Manufacturing supply chains are undergoing a worldwide reshaping, through a potent combination of economics, geopolitics, technology, and policy intervention.
Underpinning this is a growing desire to build resilience to shocks by reducing concentration risk. The backdrop is the inexorable rise of protectionism, and mounting geopolitical risks associated with US-China strategic competition.
All these factors are likely to lead to increased demand to diversify production and import reliance away from China.
While it offers compelling cost effectiveness and a host of other attractions, we think China’s global manufacturing share will gradually recede from here, providing ripe opportunity for some Latam and Asian economies to take market share.
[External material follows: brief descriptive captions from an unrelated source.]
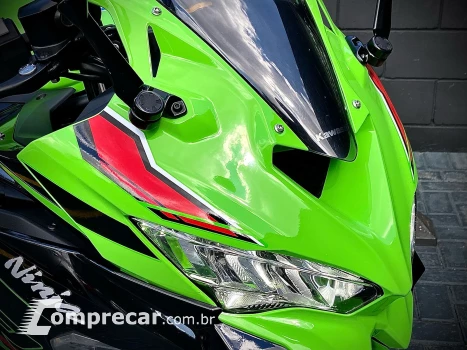 NINJA ZX-4R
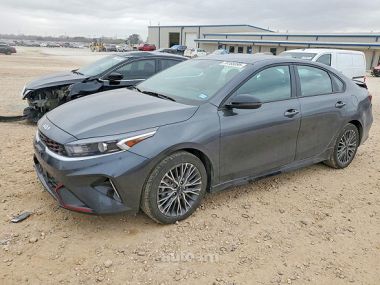 Kia Forte  2024 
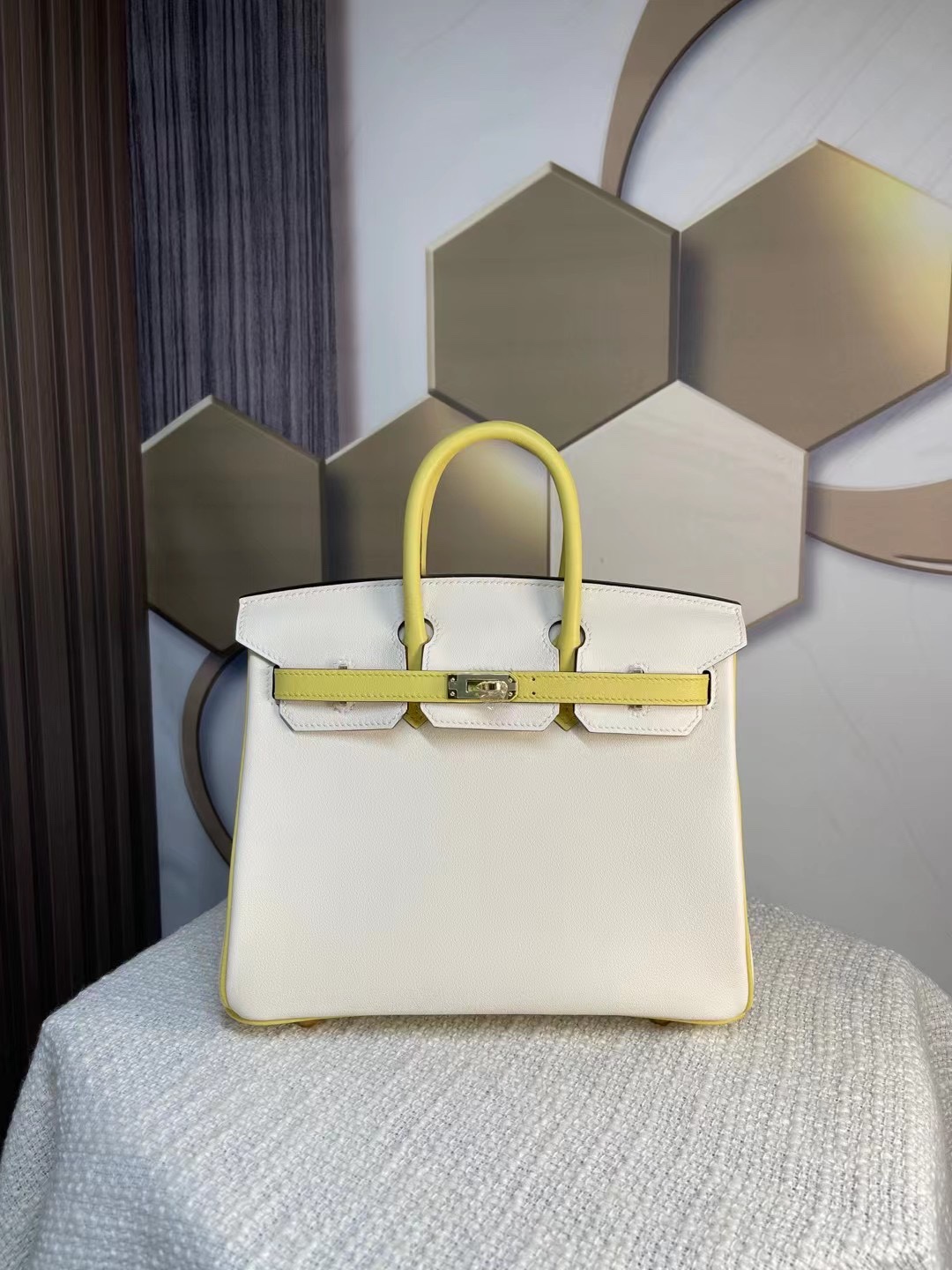 Birkin25 cream white spell chick yellow swift leather warm and soft color blocking system In stock: gold buckle silver buckle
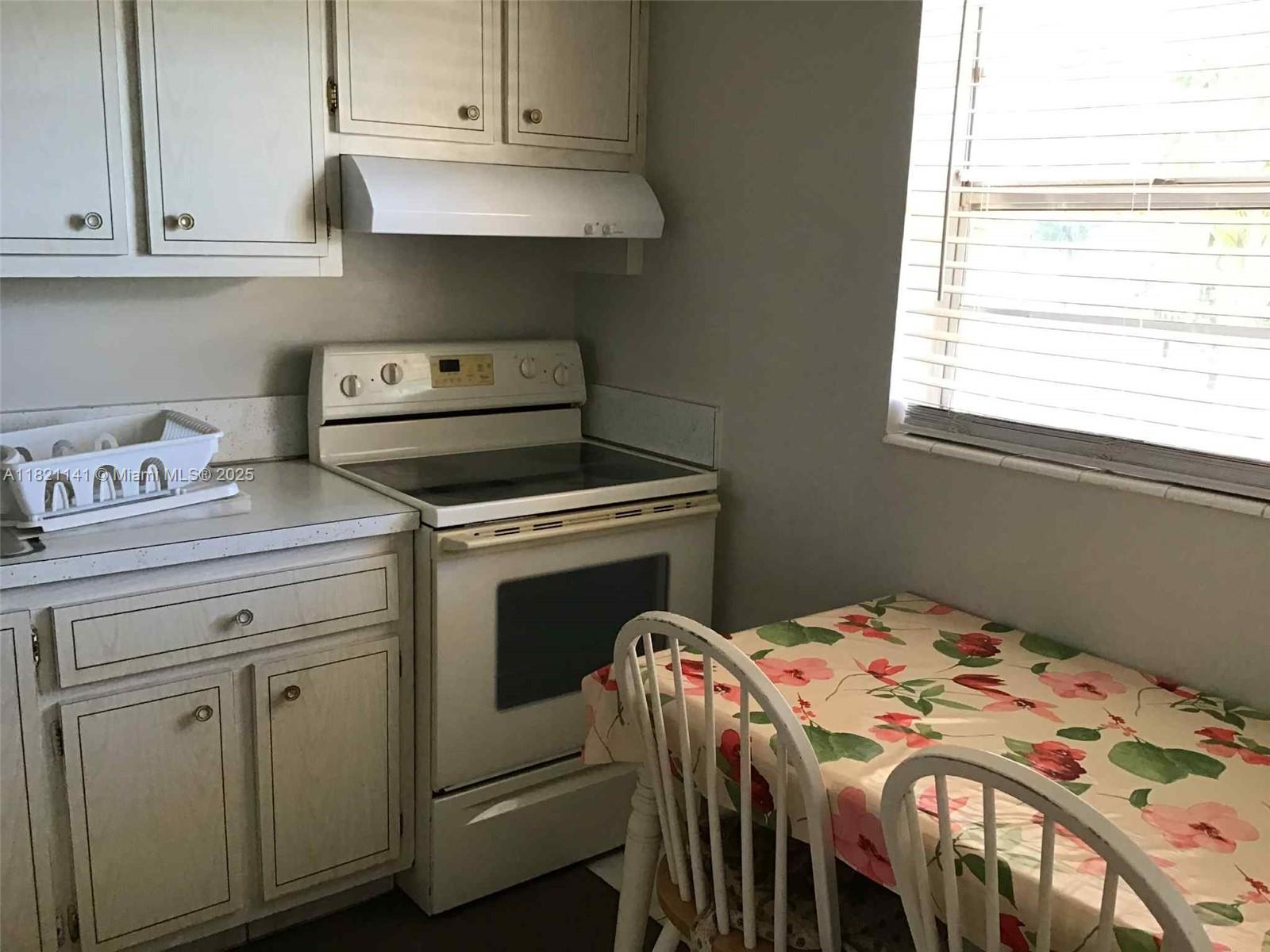 LAUDERDALE OAKS CONDO XII - Residential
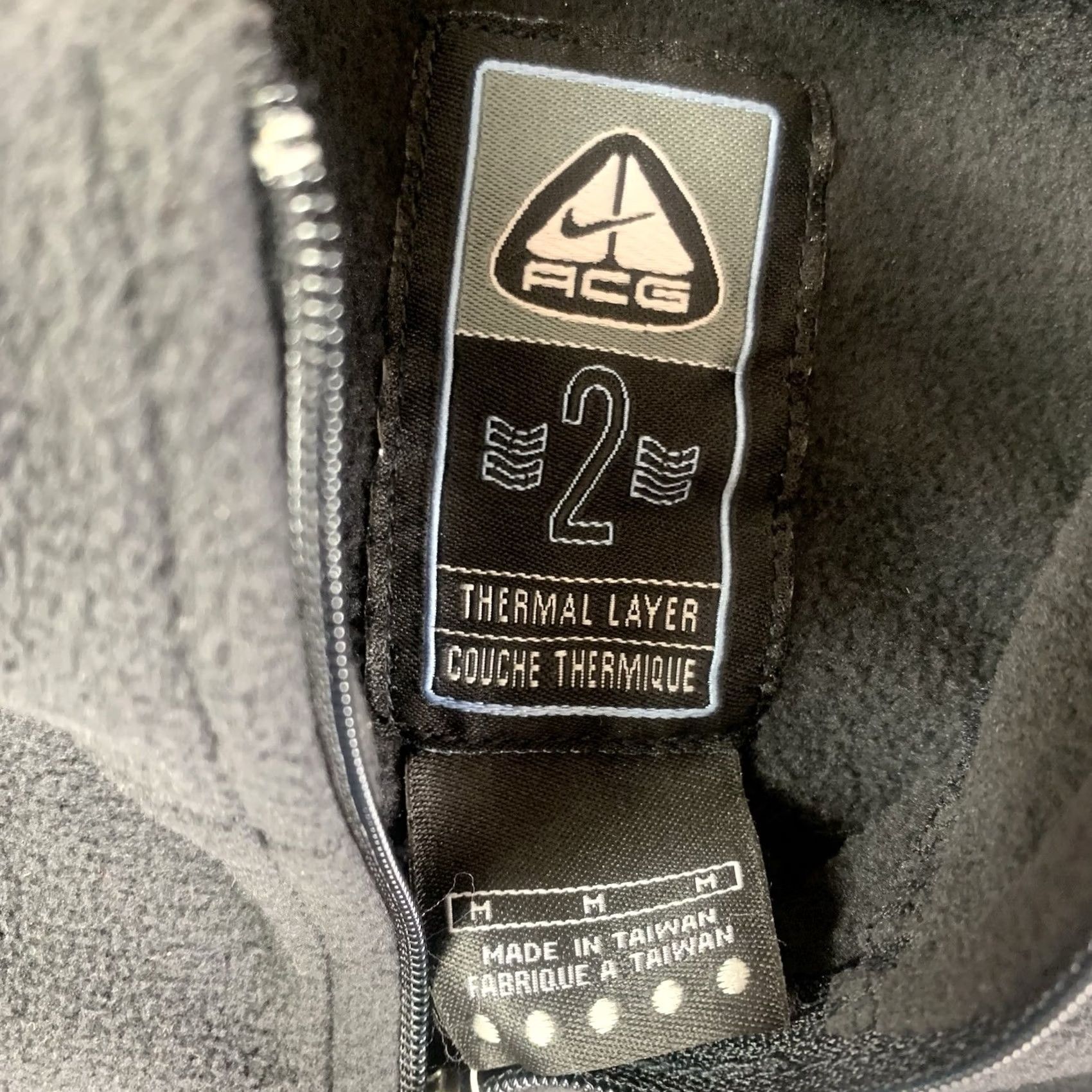 Nike ACG VINTAGE Nike ACG Mens Black Thermal Layer 2 Jacket M Parka 90s Outdoor Sports Logo Zipper Works (Broken Tab) Size US M / EU 48-50 / 2 - 7 Thumbnail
In fact, these two regions – Latam and Asia –are already increasingly inter-linking thanks primarily to the China-Latam bilateral trade that has exploded in recent years.
Based on Citi’s proprietary corporate payments data, payment flows from China to Latam have increased more than 30% over the last three years alone.
And accelerated supply chain shifts are materializing in parts of the ASEAN region and India.
ASEAN has pursued structural reforms to improve the domestic investor climate and provide various fiscal and tariff reducing policy inducements.
India’s strategy involves improving competitiveness through high quality physical infrastructure, various fiscal support policies and its fast-growing domestic market.
Beyond such broad-based manufacturing relocation, another important shift in global supply chains relates to semiconductors.
This is driven by policy interventions motivated by national security concerns to both reduce the concentration of high-end semiconductor fabrication in Taiwan, and to contain China’s technological ambitions with the West imposing punitive export controls.
This latest Citi GPS report offers insights from Citi’s experts across the world on how the very nature of global trade is changing, providing clear and present evidence of a rapidly shifting world order.